[Start of section]

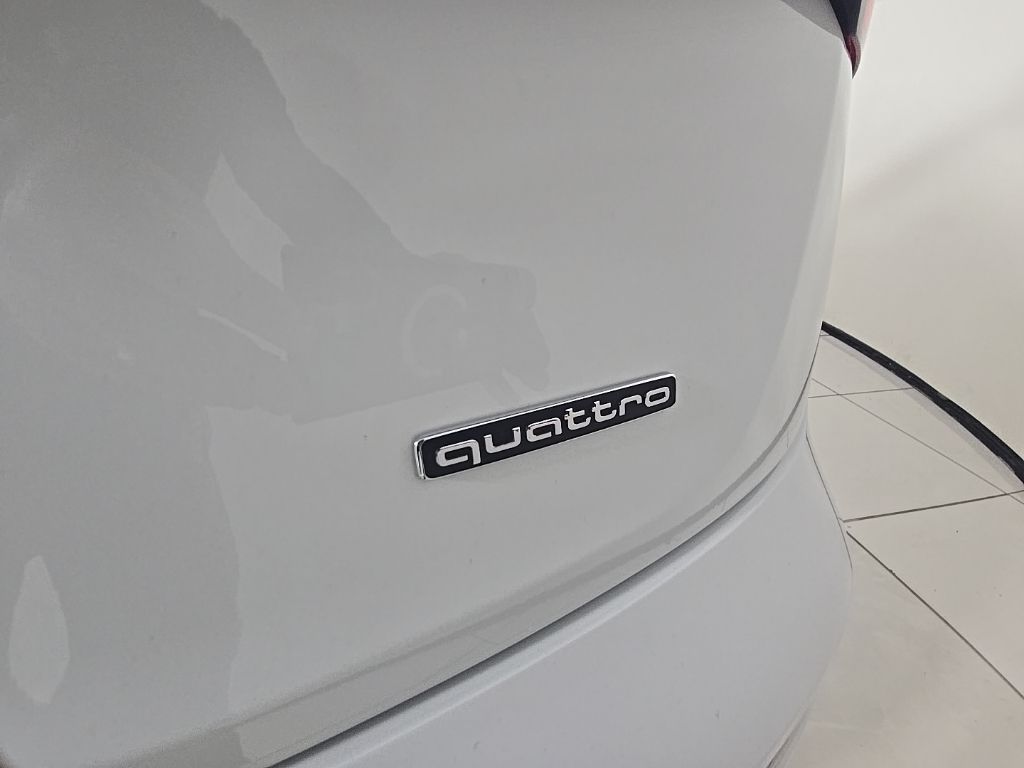 Thumbnail: 2024 Audi Q5 - 24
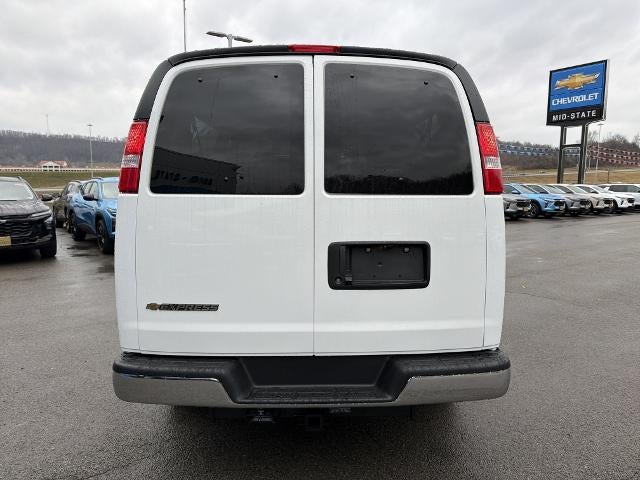 2025 Chevrolet Express Passenger 3500 1LS
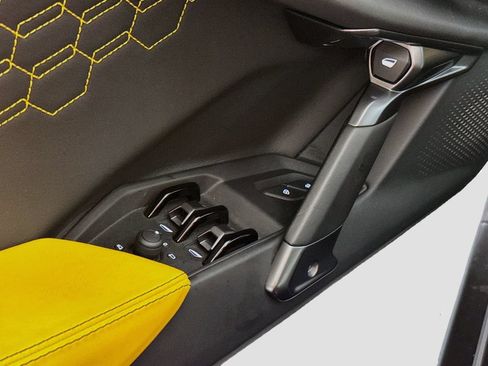 Used 2024 Lamborghini Revuelto AWD/4WD image 18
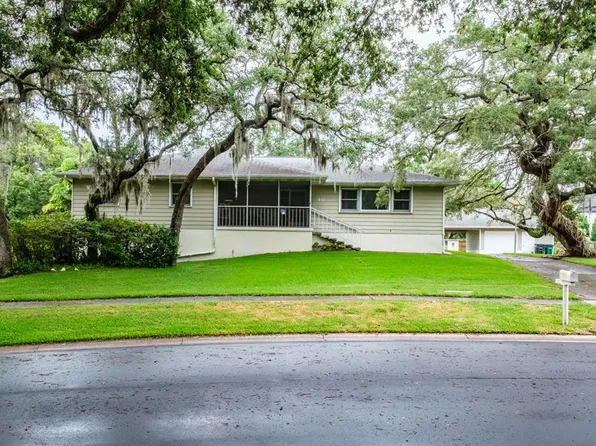 10 Fernbrooke Dr, Safety Harbor, FL 34695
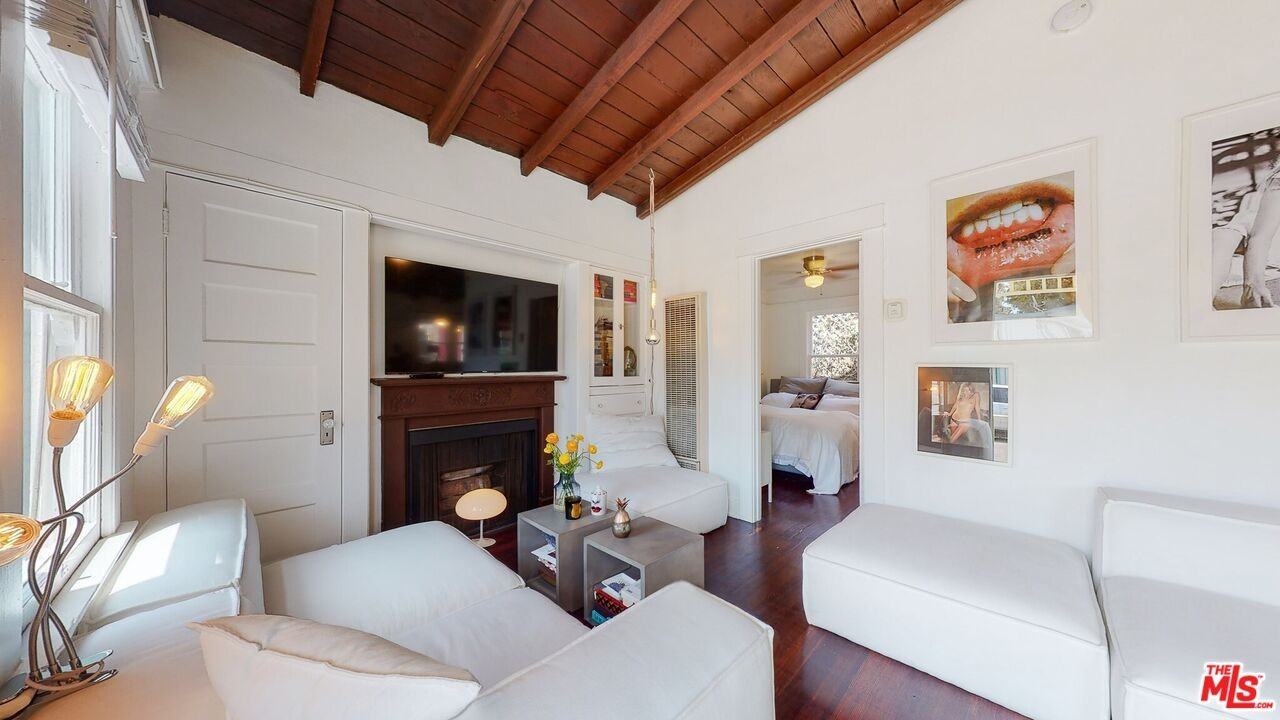 402 North Venice Boulevard #402B - Photo 2 of 6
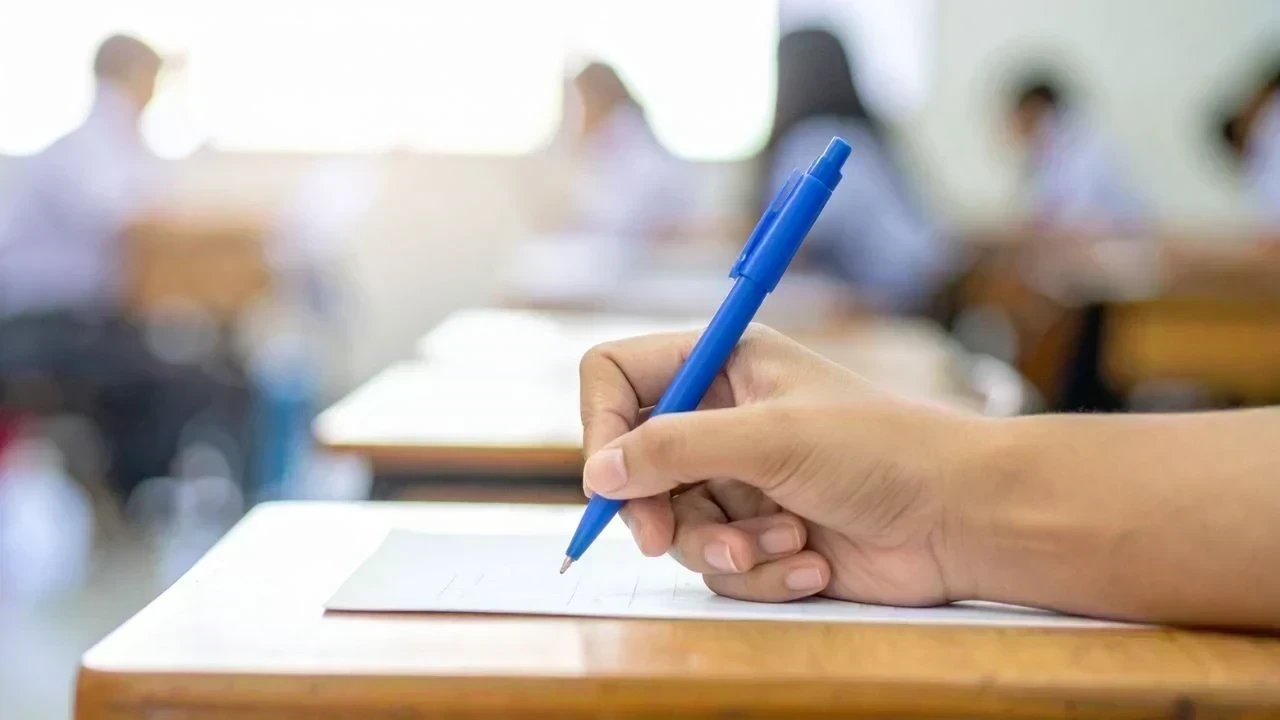 CBSE Board Exam Checking: ਗੁੱਡ ਫਰਾਈਡੇ ‘ਤੇ ਵੀ ਅਧਿਆਪਕਾਂ ਦੀ ਡਿਊਟੀ, ਉੱਤਰ ਪੱਤਰੀਆਂ ਦੀ ਚੈਕਿੰਗ ਤੇਜ਼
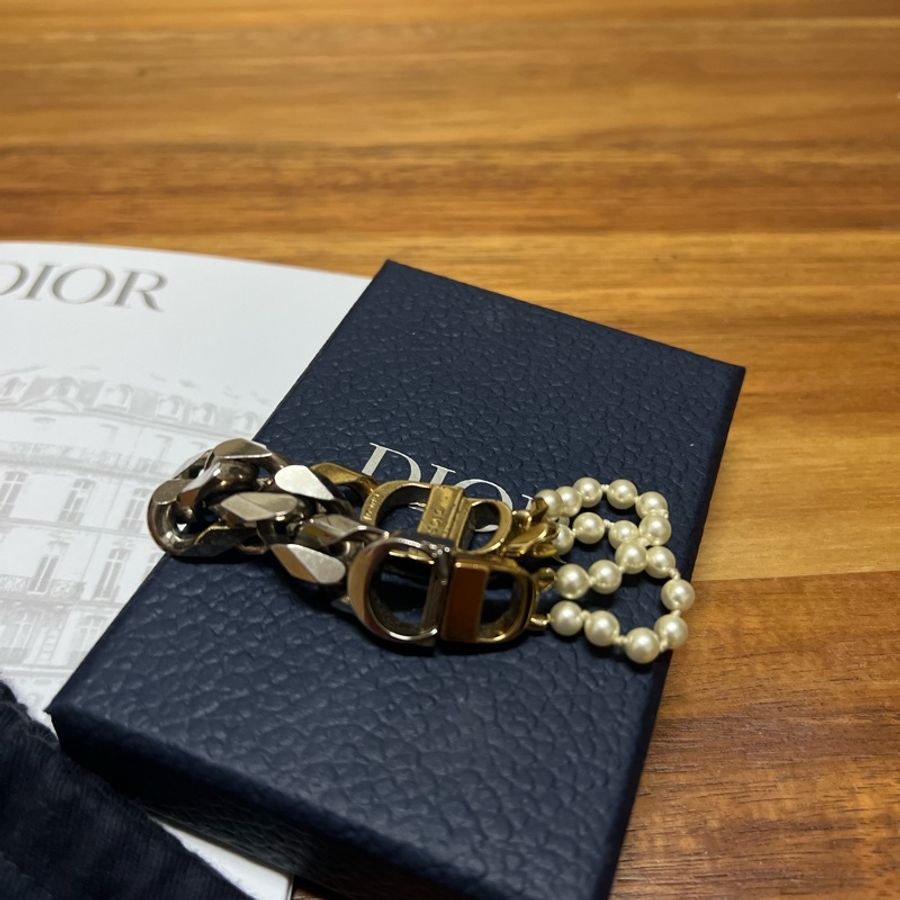 C D ICON DIOR AND SACAI 珍珠與雙色金屬手鍊-3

[End of section]

**Your goal**
Give back the whole of the material exactly, with the pictures removed.

**Task result**
 Thumbnail: 2024 Audi Q5 - 24
 2025 Chevrolet Express Passenger 3500 1LS
 Used 2024 Lamborghini Revuelto AWD/4WD image 18
 10 Fernbrooke Dr, Safety Harbor, FL 34695
 402 North Venice Boulevard #402B - Photo 2 of 6
 CBSE Board Exam Checking: ਗੁੱਡ ਫਰਾਈਡੇ ‘ਤੇ ਵੀ ਅਧਿਆਪਕਾਂ ਦੀ ਡਿਊਟੀ, ਉੱਤਰ ਪੱਤਰੀਆਂ ਦੀ ਚੈਕਿੰਗ ਤੇਜ਼
 C D ICON DIOR AND SACAI 珍珠與雙色金屬手鍊-3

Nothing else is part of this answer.